We Need to Rethink Our Assumptions About Nuclear Weapons Use
One of the Strategic Purposes of the Kursk Offensive

I was struck by the messaging of the Ukrainian government over the last 24 hours—and just how it has tied the need for long-range strike into the strategic purpose of the Kursk Offensive. Its both an immediate question, and at the same time a broad one about how and when nuclear weapons might be used. What Ukraine is doing, is driving an invasion force directly through an existing consensus—basically saying the emperor has no clothes when it comes to nuclear weapons usage. The Ukrainians are saying all your assumptions and strategic plans on nuclear weapons are wrong—and they seem to be right. The implications of this are profound.

The Kursk Offensive and Nuclear Red-Lines

The Kursk Offensive by Ukraine clearly has a number of strategic objectives. There is an attempt to force the Russians to redeploy forces to try and stop it (and to protect the Russian border as a whole). There is the attempt to politically embarrass Vladimir Putin by showing that he cant protect the very soil of Russia itself. There is an attempt to demonstrate to the world that the Russian Army remains deeply flawed. And there is the objective of destroying Russian forces as they have to be sent to try and stop the Ukrainians offensive. Its one of the reasons that the offensive makes strategic sense for Ukraine—it has a large number of potential benefits, from the battlefield to geopolitics.

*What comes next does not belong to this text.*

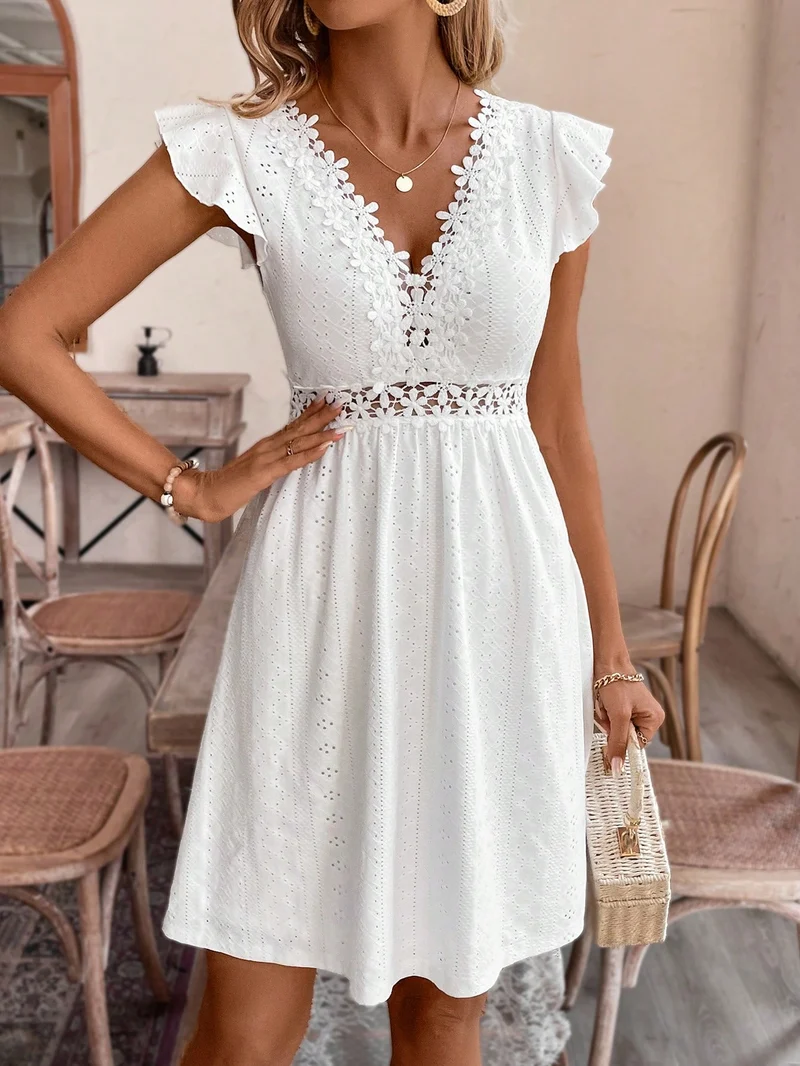 Sommerkleid aus Spitze mit V-Ausschnitt | La Parisienne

However one other possible benefit—or at least strategic goal—has risen to the fore in the last 24 hours. It shows the final hollowness of all the nuclear threats that have been used for years to limit aid to Ukraine. This is actually a profound moment in intellectual thinking—as the Ukrainians are driving a coach and horses (or more obviously a Bradley IFV) directly through almost all earlier assumptions about when and how nuclear weapons will be used. They are invading, taking and possibly holding the sovereign soil of a nuclear power—and in doing so they are upending everyone’s way of thinking about nuclear weapons.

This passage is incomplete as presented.